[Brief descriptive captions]
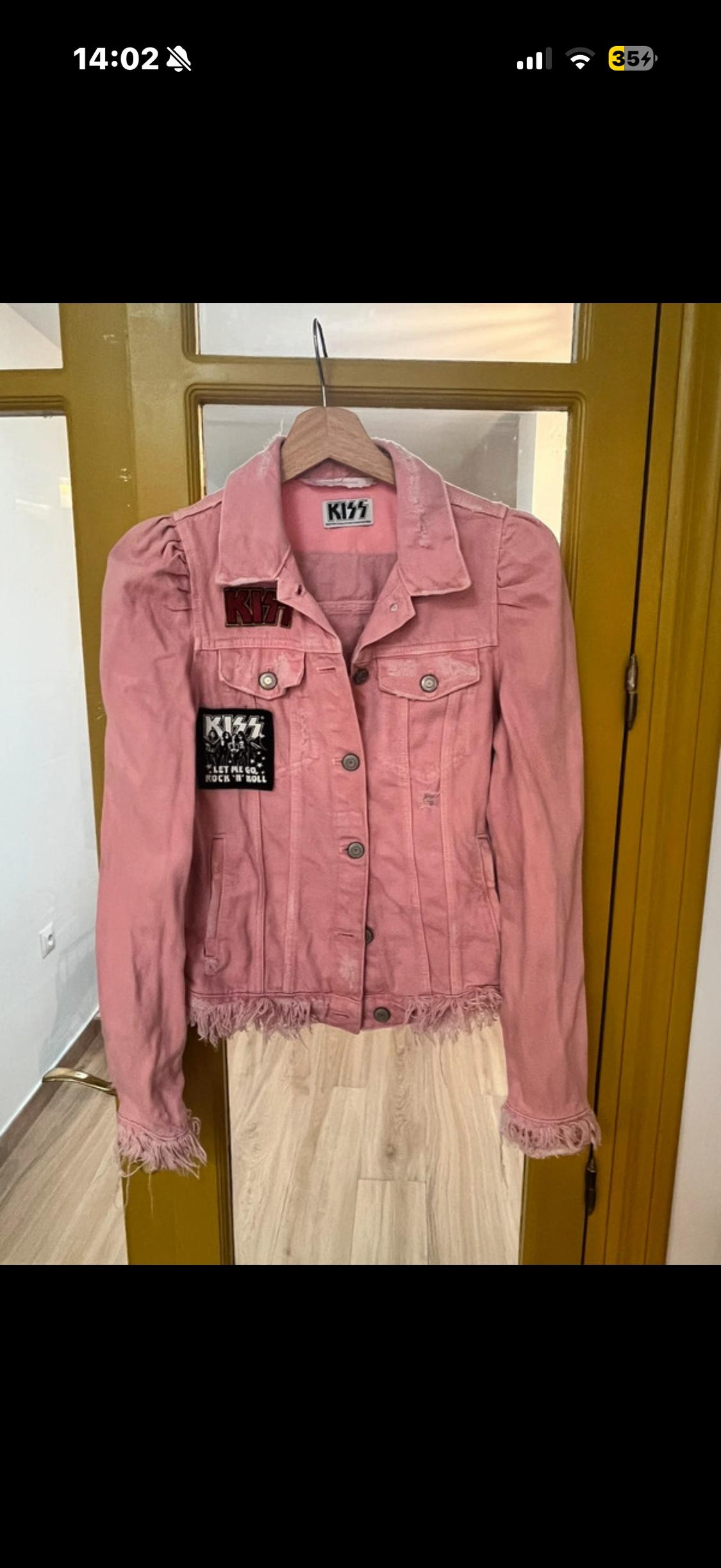 Pink jacket with band patches hanging on a wooden hanger in front of a yellow door. Visible text: "KISS".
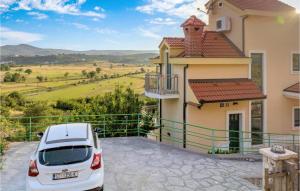 a white car parked in front of a house at Awesome Home In Mirlovic Polje in Mirlović-Polje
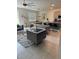 Open-concept living area with modern decor, flowing into the dining and kitchen spaces at 522 Feltrim Manor Rd, Haines City, FL 33844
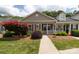 Inviting home exterior featuring manicured landscaping and a charming covered porch at 409 Guiness Pl, Rock Hill, SC 29730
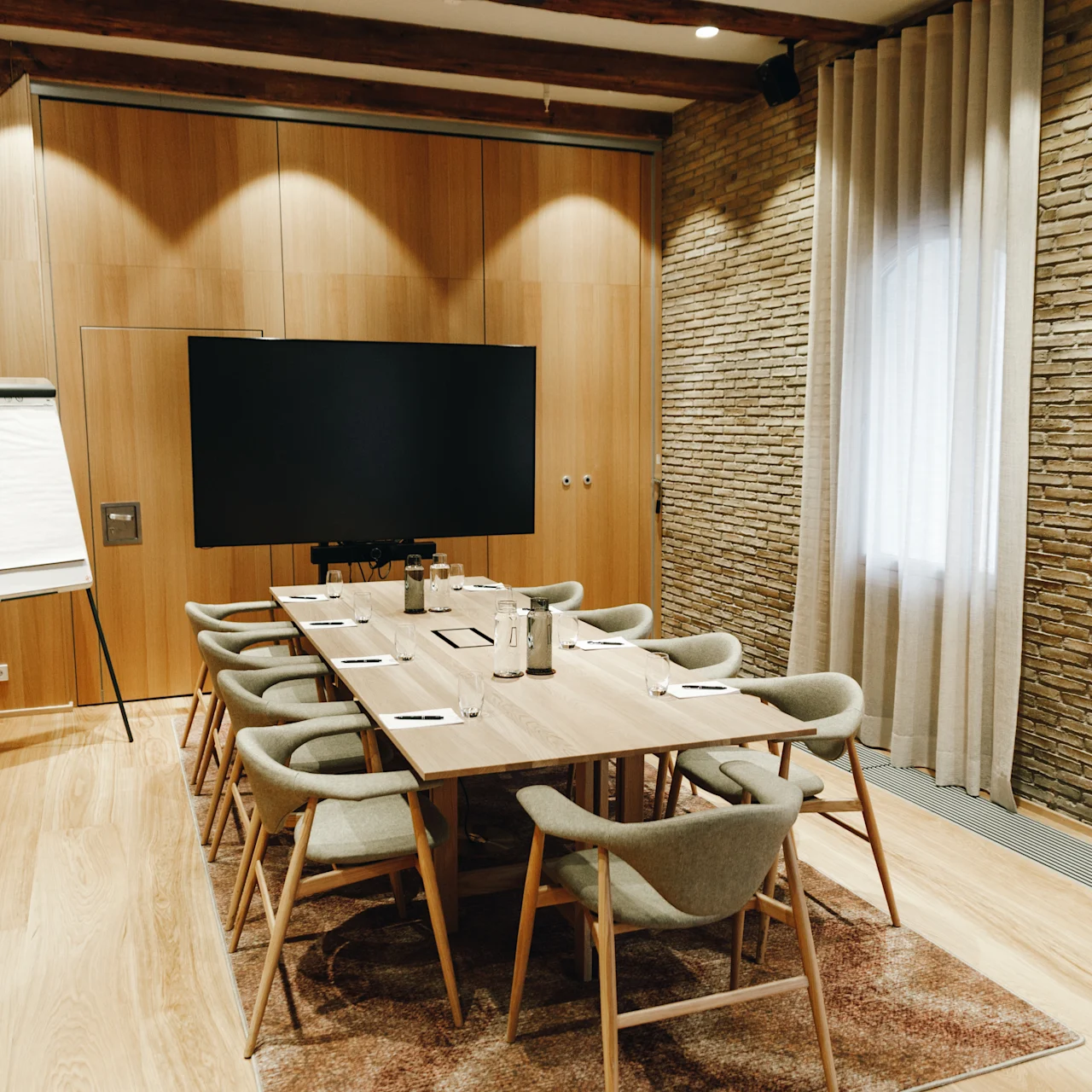 A conference table equipped with chairs, paper, and pens is set in a modern meeting room. A large screen is mounted on the wall; a flip chart stands nearby.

**Your task:** All the lines above are to be reproduced exactly, except the pictures.

**Solution to this task:**
 Pink jacket with band patches hanging on a wooden hanger in front of a yellow door. Visible text: "KISS".
 a white car parked in front of a house at Awesome Home In Mirlovic Polje in Mirlović-Polje
 Open-concept living area with modern decor, flowing into the dining and kitchen spaces at 522 Feltrim Manor Rd, Haines City, FL 33844
 Inviting home exterior featuring manicured landscaping and a charming covered porch at 409 Guiness Pl, Rock Hill, SC 29730
 A conference table equipped with chairs, paper, and pens is set in a modern meeting room. A large screen is mounted on the wall; a flip chart stands nearby.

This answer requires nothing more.